[Python-Dev] Python-3.0, unicode, and os.environ

Mon Dec 8 08:04:15 CET 2008

On Sun, Dec 7, 2008 at 11:04 PM, Glenn Linderman <v+python at g.nevcal.com> wrote:
> On approximately 12/7/2008 9:11 PM, came the following characters from the
> keyboard of Adam Olsen:
>> On Sun, Dec 7, 2008 at 9:45 PM, Glenn Linderman <v+python at g.nevcal.com>
>> wrote:
>
> Once upon a time I did write an unvalidated UTF-8 encoder/decoder in C, I
> wonder if I could find that code?  Can you supply a validated decoder?  Then
> we could run some benchmarks, eh?

There is no point for me, as the behaviour of a real UTF-8 codec is
clear.  It is you who needs to justify a second non-standard UTF-8-ish
codec.  See below.

>>> You didn't address the issue that if the decoding to a canonical form is
>>> done first, many of the insecurities just go away, so why throw errors?
>>
>> Unicode is intended to allow interaction between various bits of
>> software.  It may be that a library checked it in UTF-8, then passed
>> it to python.  It would be nice if the library validated too, but a
>> major advantage of UTF-8 is older libraries (or protocols!) intended
>> for ASCII need only be 8-bit clean to be repurposed for UTF-8.  Their
>> security checks continue to work, so long as nobody down stream
>> introduces problems with a non-validating decoder.
>
>
> So I don't understand how this is responsive to the "decoding removes many
> insecurities" issue?
>
> Yes, you might use libraries.  Either they have insecurities, or not. Either
> they validate, or not.  Either they decode, or not.  They may be immune to
> certain attacks, because of their structure and code, or not.
>
> So when you examine a library for potential use, you have documentation or
> code to help you set your expectations about what it does, and whether or
> not it may have vulnerabilities, and whether or not those vulnerabilities
> are likely or unlikely, whether you can reduce the likelihood or prevent the
> vulnerabilities by wrapping the API, etc.  And so you choose to use the
> library, or not.
>
> This whole discussion about libraries seems somewhat irrelevant to the
> question at hand, although it is certainly true that understanding how a
> library handles Unicode is an important issue for the potential user of a
> library.
>
> So how does a non-validating decoder introduce problems?  I can see that it
> might not solve all problems, but how does it introduce problems?
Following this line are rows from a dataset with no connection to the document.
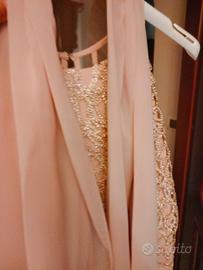 abito lungo elegante colore rosa antico 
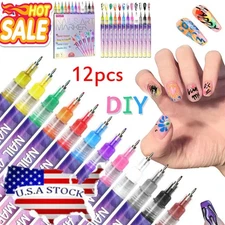 12 Colors Nail Art Pens Set, Nail Art Marker, Nail Doodle Pens, 0.5 MM Nail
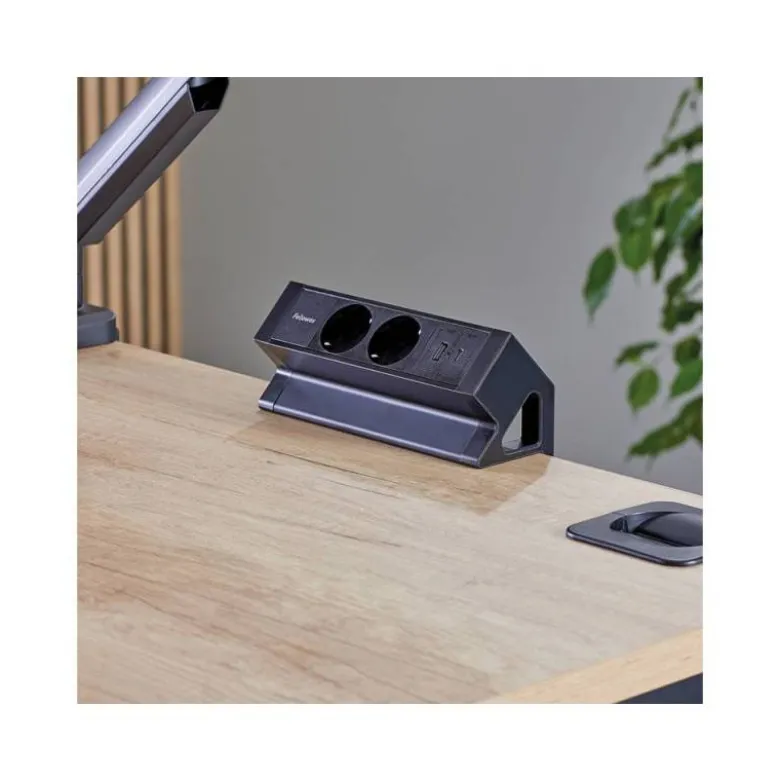 REGLETA FELLOWES SOBREMESA 1 TOMA + USB A/C NEGRO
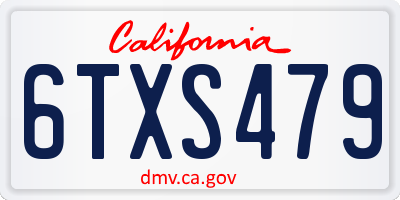CA license plate 6TXS479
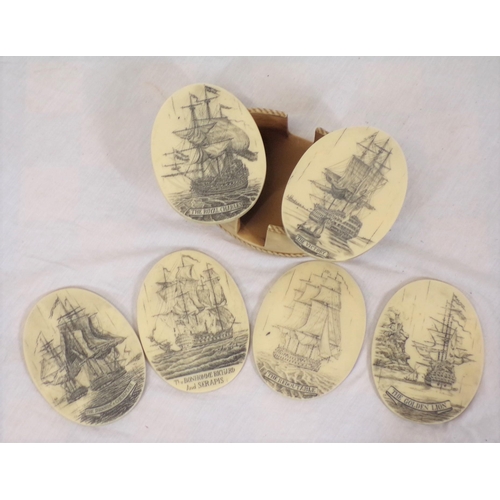 267 - Set of six oval scrimshaw style coasters of ships, in oval case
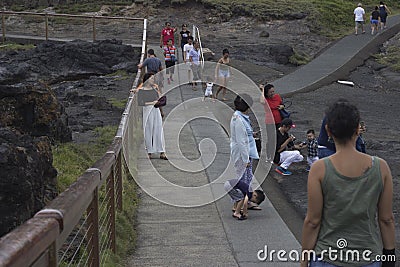 Tourists at Kiama blowhole on Blowhole Point. Editorial Stock Photo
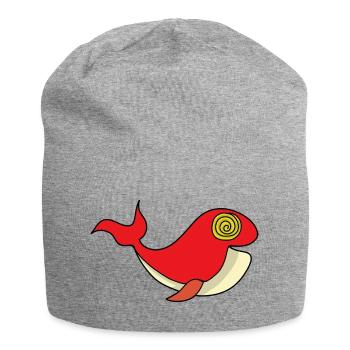 Whale with hypnotizing gaze - Jersey Beanie - heather grey - Front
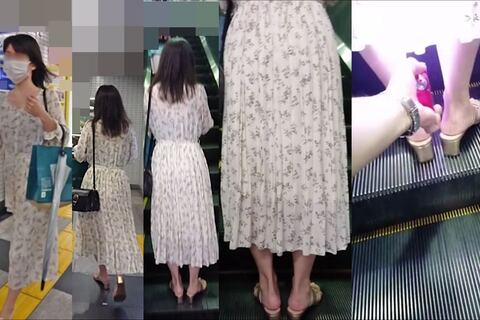 逆さの決定的瞬間！雨の日に傘を持っていたロンスカの女性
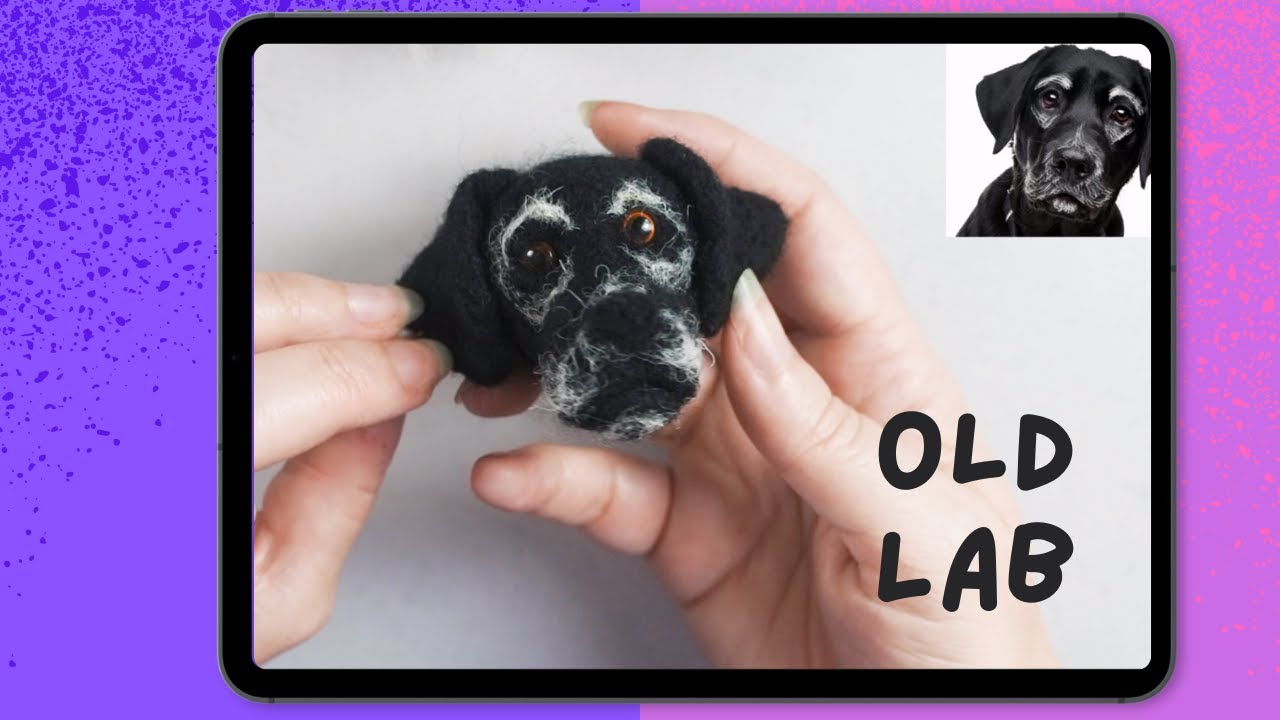 How to Needle Felt a Dog  An OLD Black Lab Face  Aging with shading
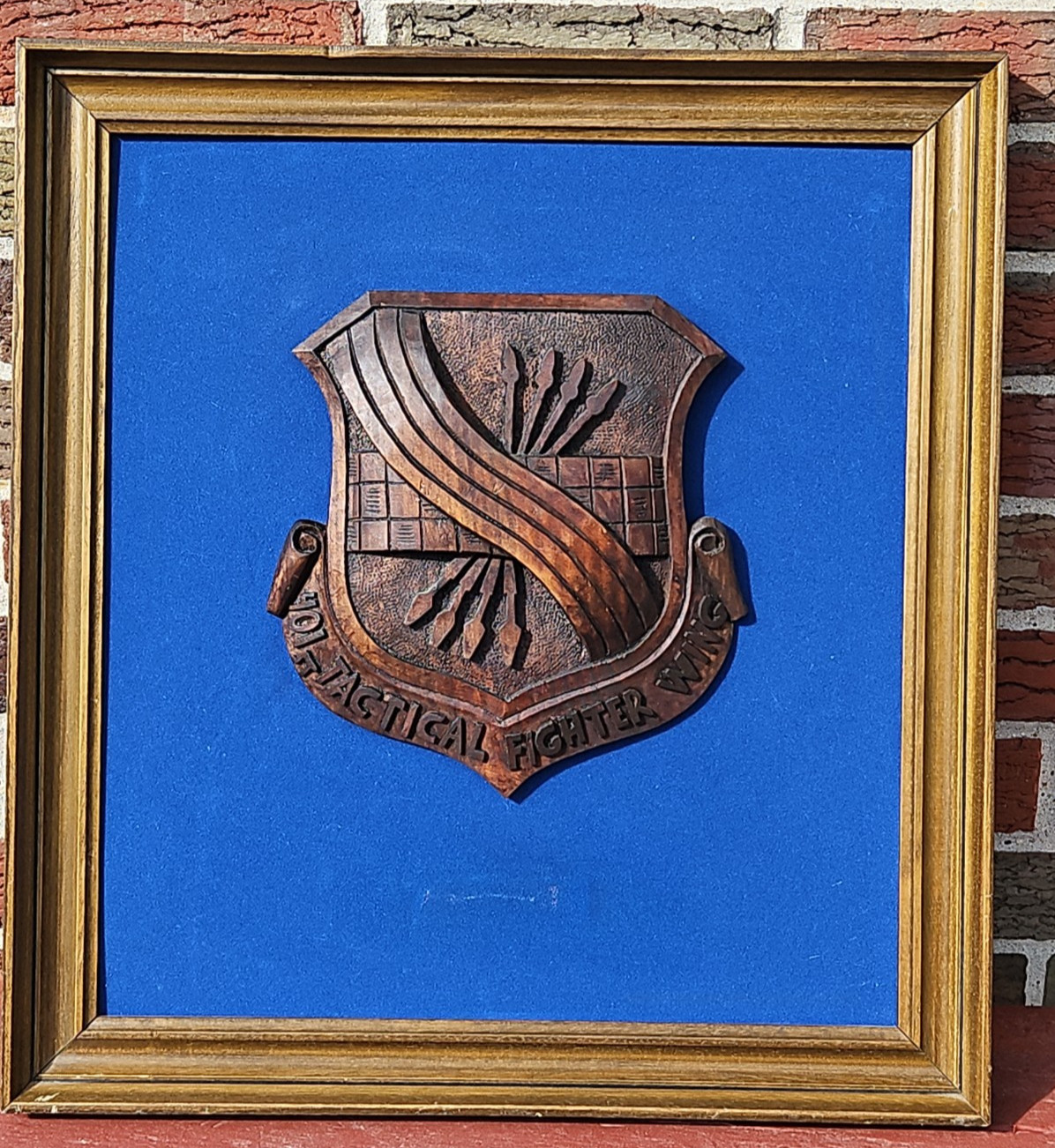 Vintage US Air Force 401st Tactical Fighter Wing Wood Display Plaque USAF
Wouldn't
> the problems be introduced by something else, and the use of a
> non-validating decoder may not catch the problem... but not be the cause of
> the problem?
>
> And then, if you would like to address the original issue, that would be
> fine too.

Your non-validating encoder is translating an invalid sequence into a
valid one, thus you are introducing the problem.  A completely naive
environment (8-bit clean ASCII) would leave it as an invalid sequence
throughout.

This is not a theoretical problem.  See
http://tools.ietf.org/html/rfc3629#section-10 .  We MUST reject
invalid sequences, or else we are not using UTF-8.  There is no wiggle
room, no debate.

(The absoluteness is why the standard behaviour doesn't need a
benchmark.  You are essentially arguing that, when logging in as root
over the internet, it's a lot faster if you use telnet rather than
ssh.  One is simply not an option.)

-- 
Adam Olsen, aka Rhamphoryncus